Mike Keiser: I'm a hard-boiled capitalist. When you create a product, you know it works or not when you make money on it. I am Mike Keiser, I develop golf resorts in remote locations.
Josh Lesnik: I've been working on the Keiser portfolio of courses for the last 20 years. What Mike did really is turned the industry on its head. He said, "I'm going to go to where the golf ground is great and try and build a great golf course on great property with great architecture and see if they'll come."
Mike Keiser: My first course was in homage to the world's number one golf course, Pine Valley. The course I built was nine holes, it's on sand with some beautiful dunes, close to Lake Michigan. And it was successful, so that motivated me to decide to do at least one other golf course. As I get ready to build Bandon Dunes with David Kidd and his dad, Jimmy Kidd, I realize that America really hasn't built links courses. Why don't we have golf courses like Dornoch in America?
Josh Lesnik: In the late 90s, people were building golf courses close to major metropolitan areas. They were building them to sell homes, to sell real estate, really squeezing the golf course between homes, and what Mike did was really against the norm at that time in golf course development.
Mike Keiser: It slowly but surely dawned on me that to do a course like Dornoch, in particular, in America, even if it's a remote site, just might work out. I work very closely with the architects, not because I don't trust them, but because I enjoy it. If both the architect and I weigh in, I think the result is better. I leave them alone to do their best routing, then I walk it with them and tell them what I think. I actually rate each hole on a scale of 1 to 10 and share my scorecard with them.

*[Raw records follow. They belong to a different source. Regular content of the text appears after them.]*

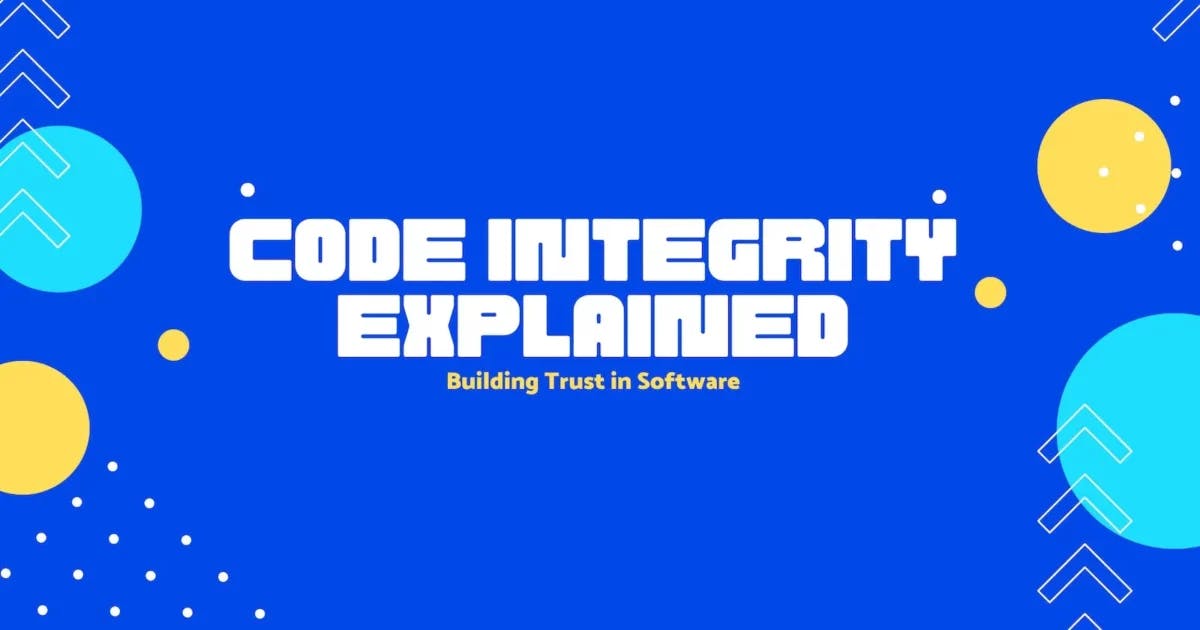 Cover Image for Code Integrity Explained: Building Trust in Software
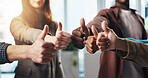 Business people, hands and group with thumbs up in office for diversity, inclusion or feedback. Team, employees or gesture with like emoji, yes sign or OK for work cohesion, well done or agreement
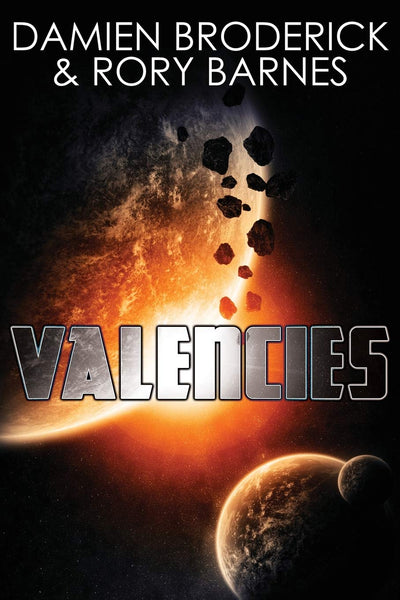Valencies: A Science Fiction Novel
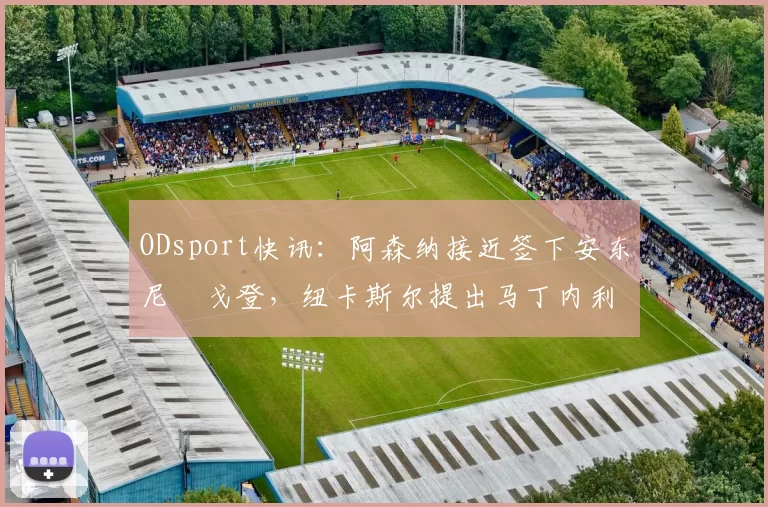 ODsport快讯:阿森纳接近签下安东尼・戈登,纽卡斯尔提出马丁内利交换条件_交易_球员_谈判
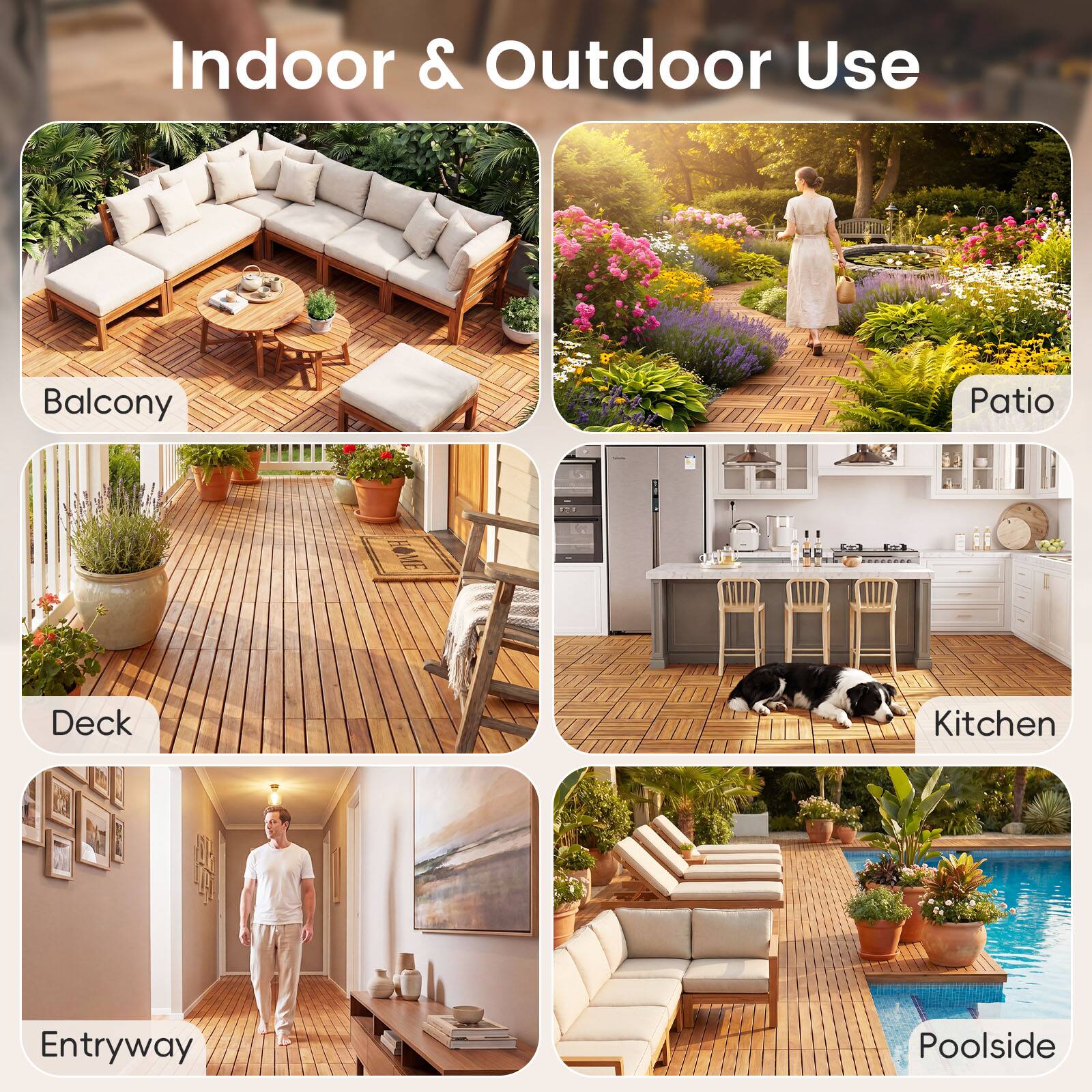 Indoor & Outdoor Use

Balcony
Patio
Deck
Kitchen
Entryway
Poolside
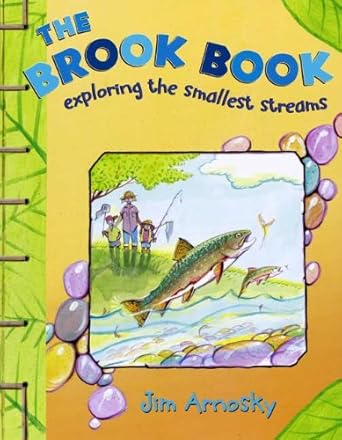the brook book 1st edition jim arnosky 0525477160, 978-0525477167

Cabot Cliffs, number 16, which is a par 3, over the beach to an unbelievable green sight, that'd be a 9. That's a 9 that wants to be a 10. My total encyclopedia of knowledge is based on playing all the great courses numerous times and deciding which holes and which courses I liked the best and which I didn't.
So my job when I walk a brand new routing with an architect is to represent the retail golfer—that is, the golfer like me who usually doesn't break 90. And, therefore, my first take on this beautiful to-be par-3 was we needed a bigger bailout left, we needed a much bigger backstop in the back of the green, so where we ended up is he gave me additional bailout space on the left, a lot of backstop space in back, and he finally convinced me that the green is all about carrying it over sand, and we should have no bailout front and that's the way we built it.
We are in Rome, Wisconsin, population 600 people. I certainly wasn't looking for a golf course site in the Midwest, much less in central Wisconsin. I had no idea that half of Wisconsin is sand-based—100 foot sand dunes covered in plantation pines. Our use of paper is declining dramatically, and most of the paper mills have gone out of business, and therefore most of the demand for these Red Pine plantation trees is dwindling, so you can buy land very cheaply.
When you restore it as acreage, it returns to its sand-barren origins of what it was like 200 years ago and what it's been like for 12,000 years. It was worth building in this remote site, something a lot like Bandon, but without the ocean. The ultimate question is: Will enough golfers go play at it at a certain greens fee to make money at it? And the answer was "yes." It actually worked. It's my almost religious belief, if the architect does a good enough job, they will come.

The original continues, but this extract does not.